Capitalism, this argument goes, is apparently capable of almost infinite adaptation. The response usually does not deny that capitalism is prone to crises, nor that these crises may trigger some political event like a social revolution. However short of a social revolution, (triggered usually by an alteration of consciousness secondary to a crisis), there is nothing inherent in capitalism driving it toward its self-annihilation.
The current iteration of this argument, which among Marxists seems to date back to Tugan-Baranowsky, is now defended by the value-form school and almost all Marxists today. This school includes very influential Marxist writers like Michael Heinrich in Germany, John Milios in Greece and David Harvey in the United States.
Cutterham provides us the quintessential argument made by this school: “First of all, despite what Mason suggests, work isn’t going away fast.” Capitalism may be reducing the labor time required for production of commodities, but this time set free from production is being filled with bullshit jobs and falling productivity. What has impeded the capitalistic drive to abolish labor generally isn’t technology, but the state:
“If work were really being steadily replaced by machines, we would see improving productivity rates as the proportion of labour needed in production dropped. But as Doug Henwood has pointed out, average productivity in the US has actually been falling for a decade. The reason for that is right on the tip of Mason’s tongue: what David Graeber calls “bullshit jobs,” the pointless and unproductive work that keeps the wage relation ticking over in the developed world, offsets the mechanisation happening elsewhere. An explosion in free time has been on the agenda for a century. What has prevented it isn’t technology, but politics.”
Cutterham’s criticism of Mason’s book is that Mason,
“focuses too narrowly on capitalism as a dynamic economic system. In the process, he ignores its alter-ego as a system of political control.”
The idea Marx neglects politics in his analysis of the capitalist mode of production has deep roots among many activists whose stock response to the prediction of capitalist collapse is to declare the end of capitalism does not and cannot end sexism and racism. The idea white supremacy and the subjugation of women, having already existed prior to capitalism, must, on this account, outlast capitalism is not new.
The criticism of Marx’s labor theory of value by feminists in particular raised this question long before the value-form school. The early feminists critics of labor theory could dismiss it as having no real application in their domain. Since white supremacy and the subjugation of women could be shown to have existed long before the rise of capitalism, it seemed to follow that while a social revolution may put an end to capitalism, there was nothing to guarantee it would put an end to white supremacy and the subjugation of women, except the pious promises of vanguardist leaders.

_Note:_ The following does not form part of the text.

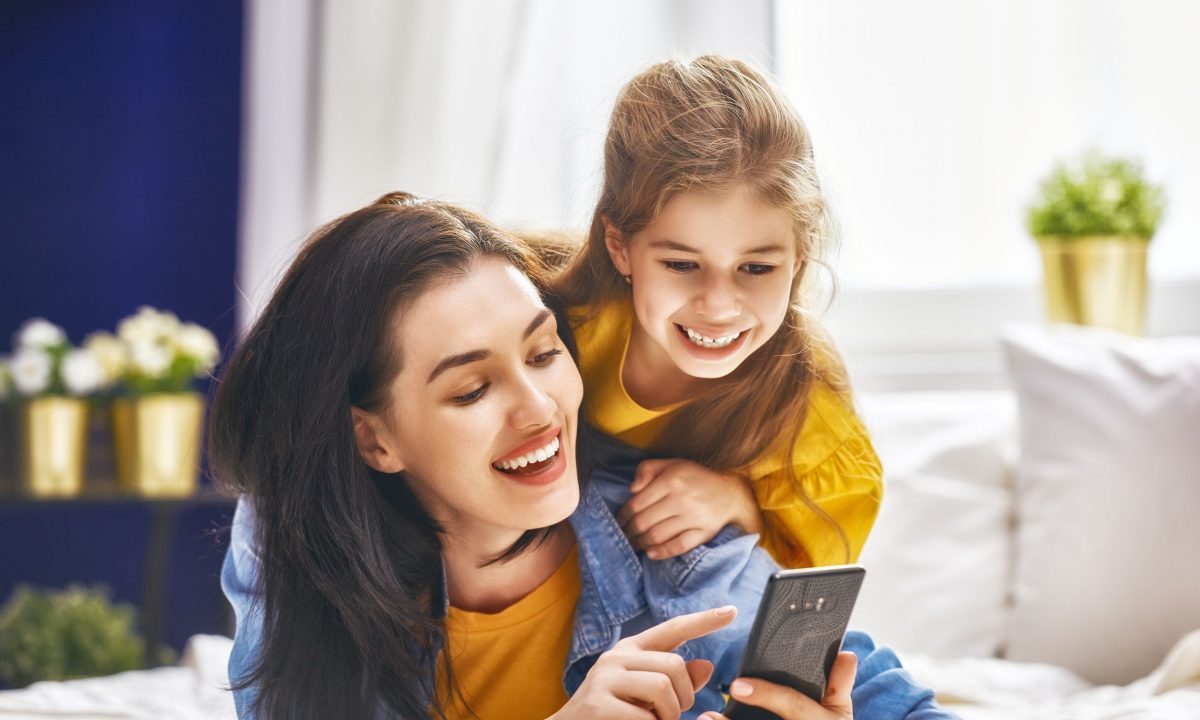 Μήπως ψάχνετε υπερβολικά γονεϊκές συμβουλές στα social media; Δείτε πόσο σας ωφελεί πραγματικά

The value-form school employs this argument to overturn labor theory from within labor theory itself. As Cutterham argues,
“Capitalism as a force for growth may well be dying …. As a force for inequality, though, it is very much alive.”
What the value-form school has done is introduce a new front against labor theory for this view. The value-form school argues Marx did not just ignore problems of women and the colonial peoples, but also the whole of the present state in his analysis of the capitalist mode of production. Marx, this view states, approaches capital as if it is merely an economic system, ignoring that capitalism is both an economic system and a political system.
As Cutterham hints in his criticism of Mason, the defect of labor theory begins with Marx’s assumption that socially necessary labor time (value) is determined solely by technological improvements in the productivity of labor. This argument is also to be found in Harvey’s Companion, where he asserts Marx is very ‘cryptic’ in making an ‘a priori’ assertion that labor is the source of value. In Harvey’s own reformulation of Marx’s theory value arises not from labor, but from exchange. Chris Arthur carries this argument one step further: arguing value cannot be deduced from the exchange relations — it requires the value-form, money.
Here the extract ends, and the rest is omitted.